What you return should be only the lines in the entries below between the one holding "Used 2022 Honda Pilot Touring image 8" and the one holding "Πολυάσχολοι γονείς: Οι", ends included, with every picture left out.

:: DATA SUPPLIED ::
= = = =
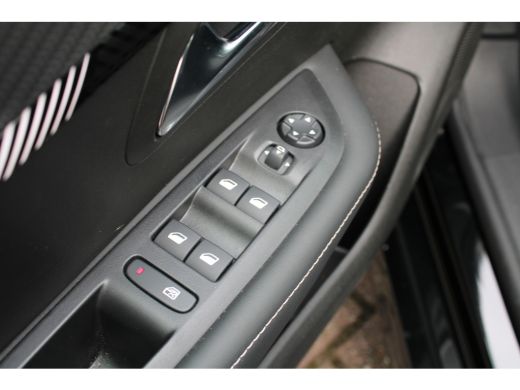 Peugeot e-208 EV Style 50 kWh | Navigatie | Stoelverwarming | Fase 3 | Nieuw model | BTW | ActivLease financial lease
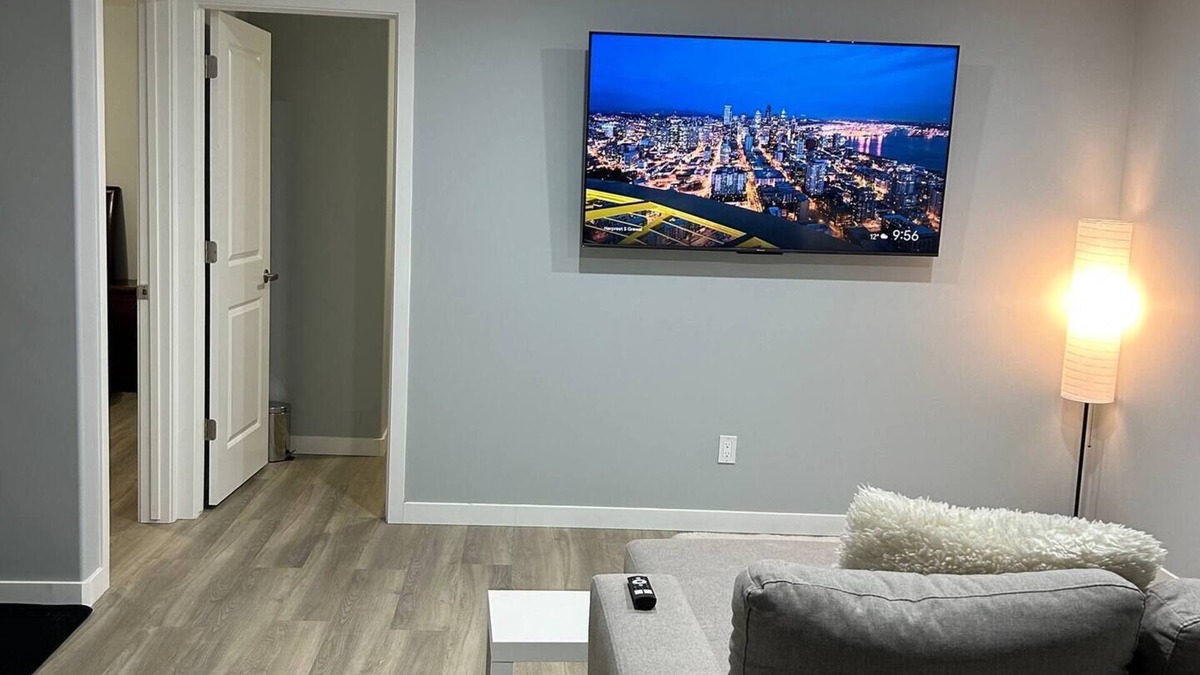 Regina House | Cozy 2-Bedroom Basement Haven King and Queen beds. STA License No. STA23-00257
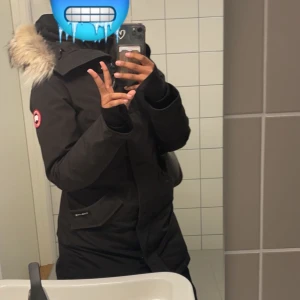 Canada goose Rossclair Parka  - Canada Goose Rossclair Parka, mycket bra skick!                                                                                 Säljer nu min exklusiva Canada Goose Rossclair Parka. Jackan har blivit väl omhändertagen, perfekt för vinterns kyliga dagar. Detta är en tidlös modell som både är varm och stilsäker, och den passar lika bra till vardags som för aktiviteter utomhus.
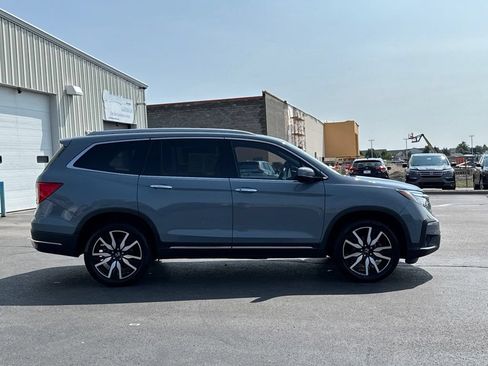 Used 2022 Honda Pilot Touring image 8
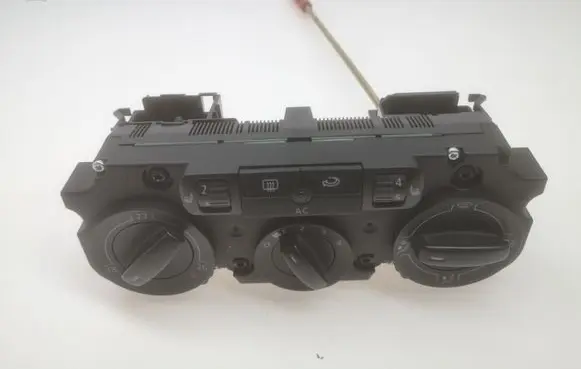 Volkswagen Tiguan Climate control unit 5M2820045A
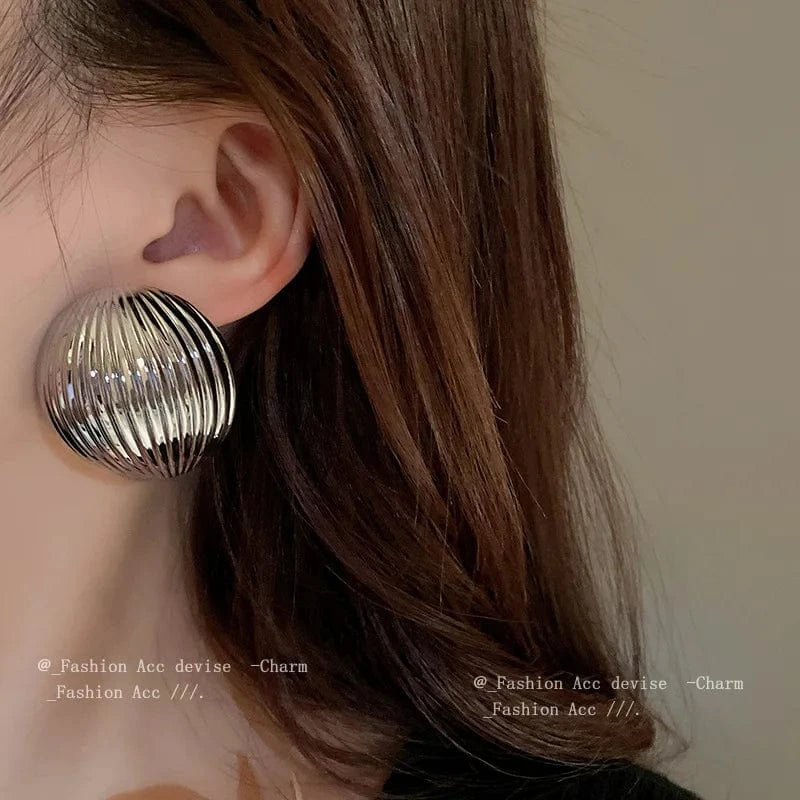 Metal Round Earrings Exaggerated Fashionable Style Geometric Jewelry Wholesale Girl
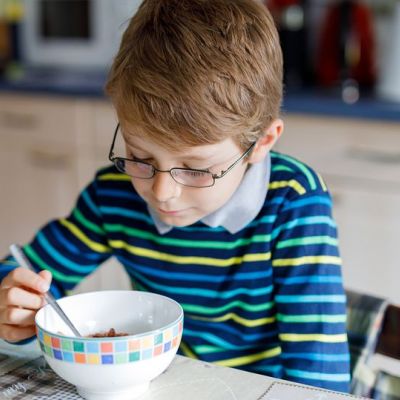 Πολυάσχολοι γονείς: Οι επιπτώσεις στη ζωή των παιδιών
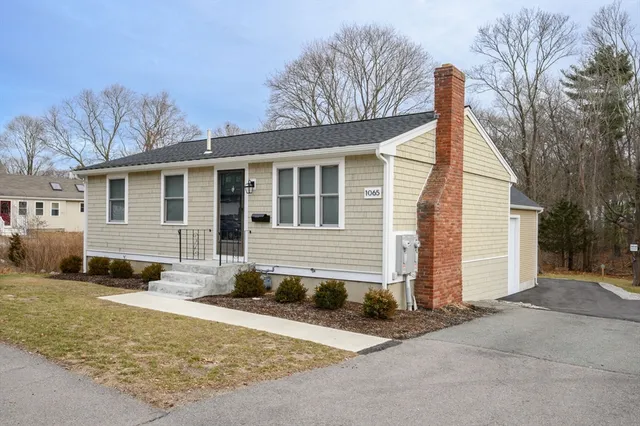 $799,000 | 1065 Bedford Street, Abington, MA 02351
= = = =
:: ANSWER AREA ::
 Used 2022 Honda Pilot Touring image 8
 Volkswagen Tiguan Climate control unit 5M2820045A
 Metal Round Earrings Exaggerated Fashionable Style Geometric Jewelry Wholesale Girl
 Πολυάσχολοι γονείς: Οι επιπτώσεις στη ζωή των παιδιών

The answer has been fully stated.